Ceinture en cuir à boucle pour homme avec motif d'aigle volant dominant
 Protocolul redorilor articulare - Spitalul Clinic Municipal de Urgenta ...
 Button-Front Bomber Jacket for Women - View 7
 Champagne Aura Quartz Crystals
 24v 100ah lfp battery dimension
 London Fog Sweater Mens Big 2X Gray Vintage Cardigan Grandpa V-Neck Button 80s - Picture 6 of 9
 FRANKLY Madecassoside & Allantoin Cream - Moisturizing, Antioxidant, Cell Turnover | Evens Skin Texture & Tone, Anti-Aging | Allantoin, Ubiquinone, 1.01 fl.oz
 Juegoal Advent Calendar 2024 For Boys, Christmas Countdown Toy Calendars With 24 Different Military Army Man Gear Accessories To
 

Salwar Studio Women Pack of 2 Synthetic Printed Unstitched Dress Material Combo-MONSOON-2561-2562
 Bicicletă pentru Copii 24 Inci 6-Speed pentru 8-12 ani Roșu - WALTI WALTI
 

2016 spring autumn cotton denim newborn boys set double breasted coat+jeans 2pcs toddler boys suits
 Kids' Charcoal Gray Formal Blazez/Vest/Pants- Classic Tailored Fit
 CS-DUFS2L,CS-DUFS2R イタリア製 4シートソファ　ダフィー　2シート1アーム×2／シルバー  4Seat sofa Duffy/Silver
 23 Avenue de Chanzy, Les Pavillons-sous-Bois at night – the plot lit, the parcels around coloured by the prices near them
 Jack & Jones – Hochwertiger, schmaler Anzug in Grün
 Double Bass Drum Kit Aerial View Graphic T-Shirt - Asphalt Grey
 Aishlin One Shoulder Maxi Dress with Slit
********************
Throughout the material above, report each line holding the word "View".

**Solution to the problem**:
 Button-Front Bomber Jacket for Women - View 7
 Double Bass Drum Kit Aerial View Graphic T-Shirt - Asphalt Grey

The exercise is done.